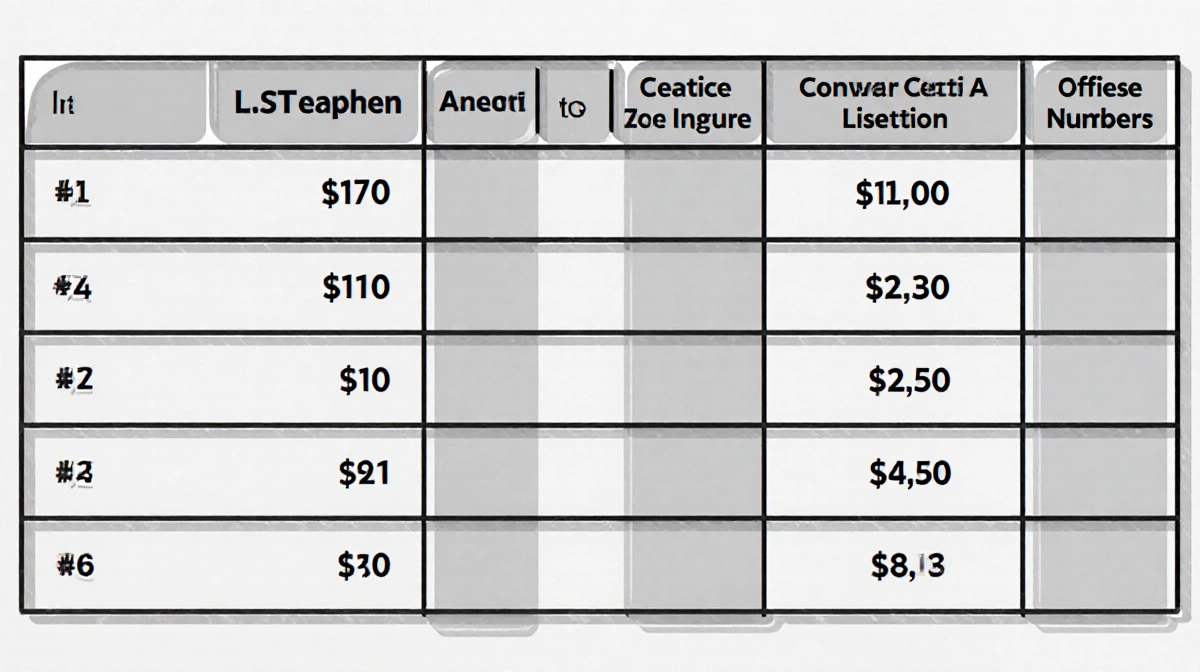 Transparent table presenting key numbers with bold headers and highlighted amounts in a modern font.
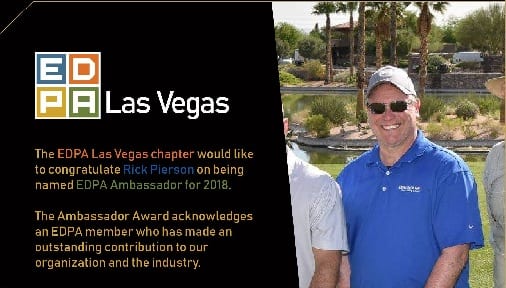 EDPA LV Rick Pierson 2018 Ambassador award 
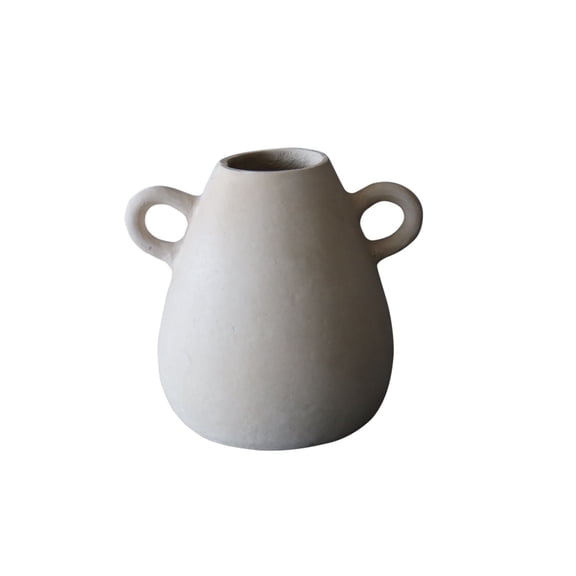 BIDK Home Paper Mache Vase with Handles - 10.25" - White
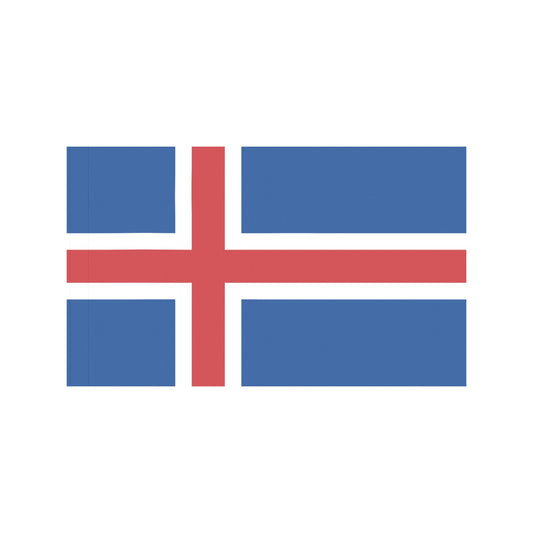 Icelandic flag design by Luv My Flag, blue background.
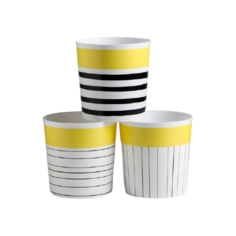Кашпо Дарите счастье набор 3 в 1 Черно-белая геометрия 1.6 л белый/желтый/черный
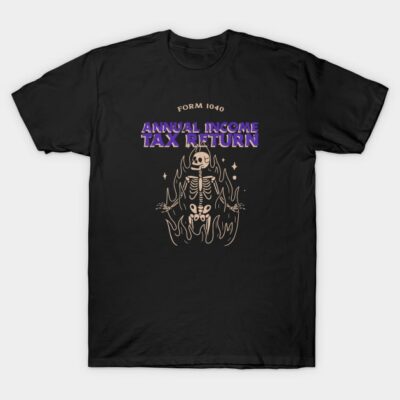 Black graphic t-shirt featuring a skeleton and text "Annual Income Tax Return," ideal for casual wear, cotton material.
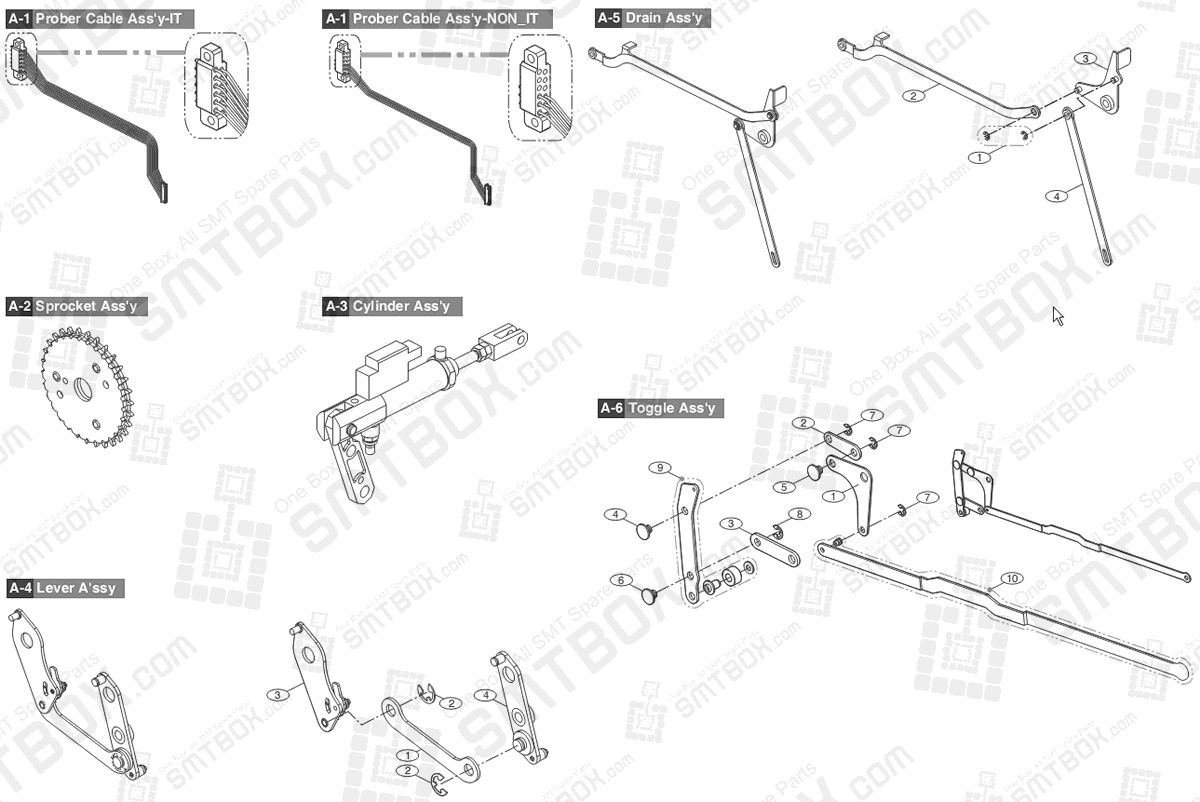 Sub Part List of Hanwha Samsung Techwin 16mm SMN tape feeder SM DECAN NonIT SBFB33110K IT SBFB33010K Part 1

+ + + + +

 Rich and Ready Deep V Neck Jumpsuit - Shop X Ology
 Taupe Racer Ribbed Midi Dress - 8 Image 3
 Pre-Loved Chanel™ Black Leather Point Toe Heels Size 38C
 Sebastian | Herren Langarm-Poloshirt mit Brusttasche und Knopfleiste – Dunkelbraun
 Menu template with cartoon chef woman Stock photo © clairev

+ + + + +

### Brief
Please output, exactly as written, the lines above from the one holding "Transparent table presenting" through the one holding "Sub Part List", both included, with the pictures omitted.

### Answer for this exercise
 Transparent table presenting key numbers with bold headers and highlighted amounts in a modern font.
 EDPA LV Rick Pierson 2018 Ambassador award 
 BIDK Home Paper Mache Vase with Handles - 10.25" - White
 Icelandic flag design by Luv My Flag, blue background.
Кашпо Дарите счастье набор 3 в 1 Черно-белая геометрия 1.6 л белый/желтый/черный
 Black graphic t-shirt featuring a skeleton and text "Annual Income Tax Return," ideal for casual wear, cotton material.
 Sub Part List of Hanwha Samsung Techwin 16mm SMN tape feeder SM DECAN NonIT SBFB33110K IT SBFB33010K Part 1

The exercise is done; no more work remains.